Differences in the composition of gene complements (e.g. presence/absence of *orthologues*) my support hypotheses for functional or phenotypic differences, and identify characteristic signals for diagnostics and epidemiology. In an industrial biotechnology context, they can be used to identify common "parts lists" that allow the construction of "wiring diagrams" that can be exploited by systems and synthetic biology.

Python imports

To interact with the local installation of BLAST, we will use the free Biopython programming tools.
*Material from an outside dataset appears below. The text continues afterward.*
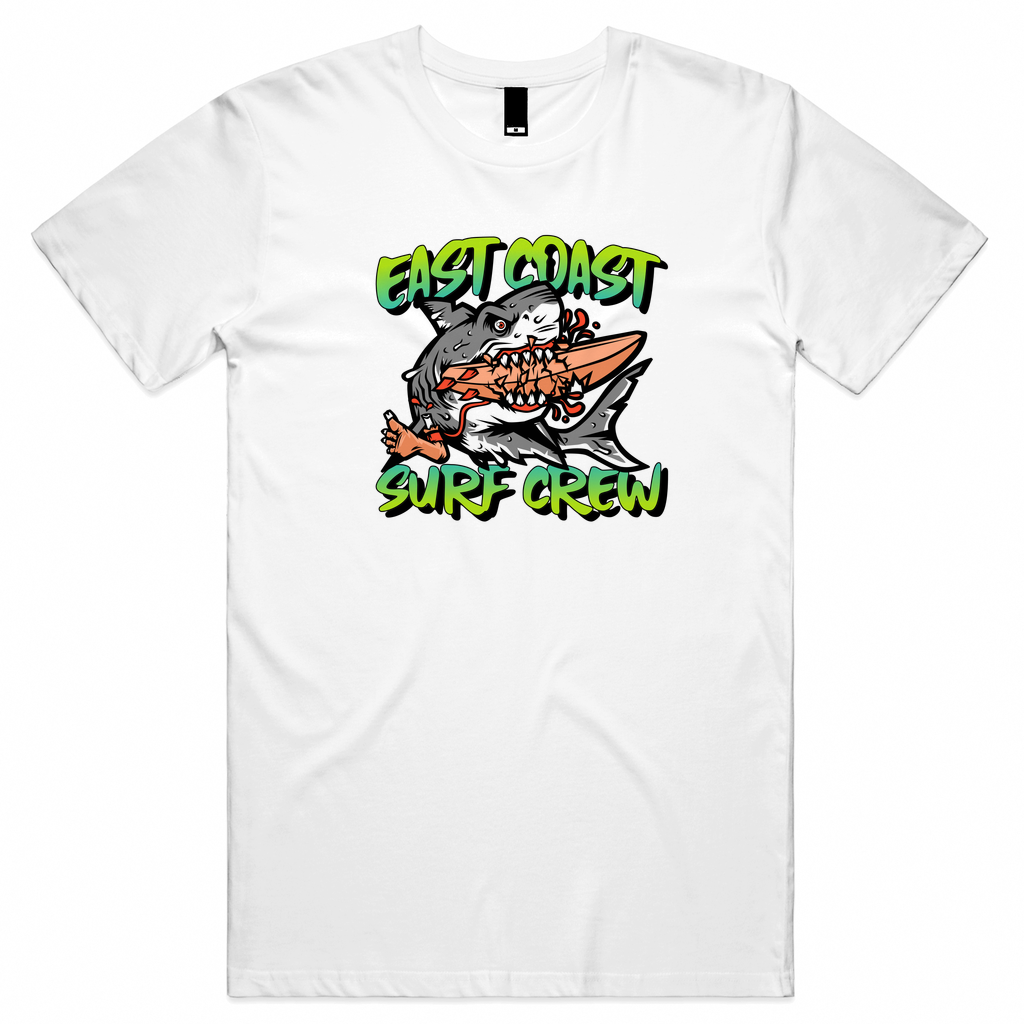 EAST COAST SURF CREW Unisex Tee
These provide an interface to interact with BLAST, run jobs, and to read in the output files.

  • to collate the BLAST search results as dataframes/tables for analysis, we will use the pandas package.
  • to graph the downstream results, we will use the seaborn visualisation package.
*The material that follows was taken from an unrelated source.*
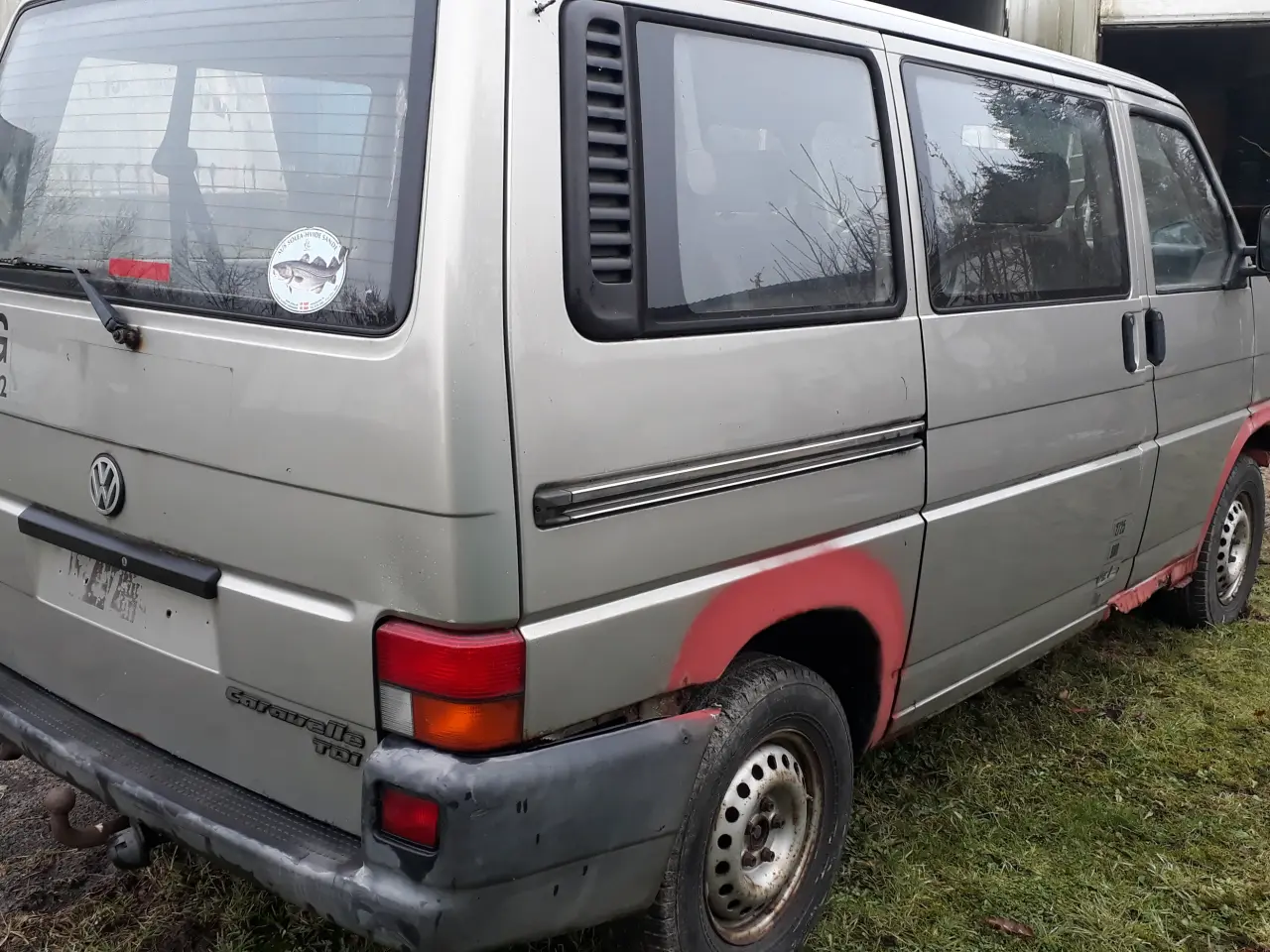 Billede 4 - Dele til VW t4, Bus, Caravelle, og Kassevogn.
We import these tools, and some standard library packages for working with files (os) below.

In [1]:
# Show plots as part of the notebook and make tools available
%matplotlib inline
import matplotlib.pyplot as plt

# Standard library packages
import os

# Import Numpy, Pandas and Seaborn
import numpy as np
import pandas as pd
import seaborn as sns

# Import Biopython tools for running local BLASTX
from Bio.Blast.Applications import NcbiblastpCommandline

# Colour scale transformation
from matplotlib.colors import LogNorm

Reciprocal Best BLAST Hits

A procedure for identifying reciprocal best hits between the protein complements of two organisms proceeds as follows:

1. Identify protein sets

  • Take all the protein sequences from organism 1, and call this $S_1$
  • Take all the protein sequences from organism 2, and call this $S_2$

2. Conduct forward and reverse BLAST searches

  • Use BLAST+ to query the proteins from $S_1$ against those in $S_2$. These are the forward results.
  • Use BLAST+ to query the proteins from $S_2$ against those in $S_1$. These are the reverse results.
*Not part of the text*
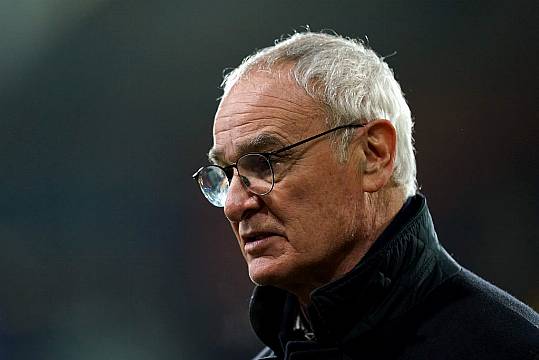 Claudio Ranieri Ends Retirement To Take Charge Of Roma For Third Time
3. Identify forward best hits

  • Consider each query sequence from $S_1$ in turn, and from the forward results identify the 'best match' in $S_2$.
  • Make a table associating each sequence from $S_1$ with its best match in $S_2$. These are the forward best hits

4. Identify reverse best hits

  • Consider each query sequence from $S_2$ in turn, and from the reverse results identify the 'best match' in $S_1$.
  • Make a table associating each sequence from $S_2$ with its best match in $S_1$. These are the reverse best hits

5. Identify RBH

  • Consider each query sequence (call this $p_1$) from $S_1$ in turn, and from the forward best hits table identify its 'best match' in $S_2$ (call this $p_2$).
  • Check the reverse best hits table to find the 'best match' in the reverse direction for $p_2$.
  • If this 'best match' in the reverse direction is $p_1$, then $p_1$ and $p_2$ are reciprocal best matches.

We will write code to do this analysis in the cells below.

Using local BLAST for pairwise RBH analysis

You need firstly to identify our two input protein sets: these are FASTA format multiple sequence files describing protein sets from two Kitasatospora isolates:

  • data/kitasatospora/GCA_001424875.1_Root107_protein.faa
  • data/kitasatospora/GCA_001429805.1_Root187_protein.faa

and, as you did in notebook 03, construct and execute a local BLASTP search of each protein set against the other. For ease of processing, you will obtain BLAST results in tabular format.

In [2]:
# Define input and output directories
datadir = os.path.join('data', 'kitasatospora')
outdir = os.path.join('output', 'kitasatospora')
os.makedirs(outdir, exist_ok=True)

# Define input file paths
s1 = os.path.join(datadir, 'GCA_001424875.1_Root107_protein.faa')
s2 = os.path.join(datadir, 'GCA_001429805.1_Root187_protein.faa')

# Define output BLAST results
fwd_out = os.path.join(outdir, '05-fwd-results.tab')
rev_out = os.path.join(outdir, '05-rev-results.tab')

`BLASTP` allows the definition of `-query` and `-subject` sequence sets, so you don't have to build a database every time. However database searches are, in general, much faster

We can use two features of command-line BLAST that make our job easier later.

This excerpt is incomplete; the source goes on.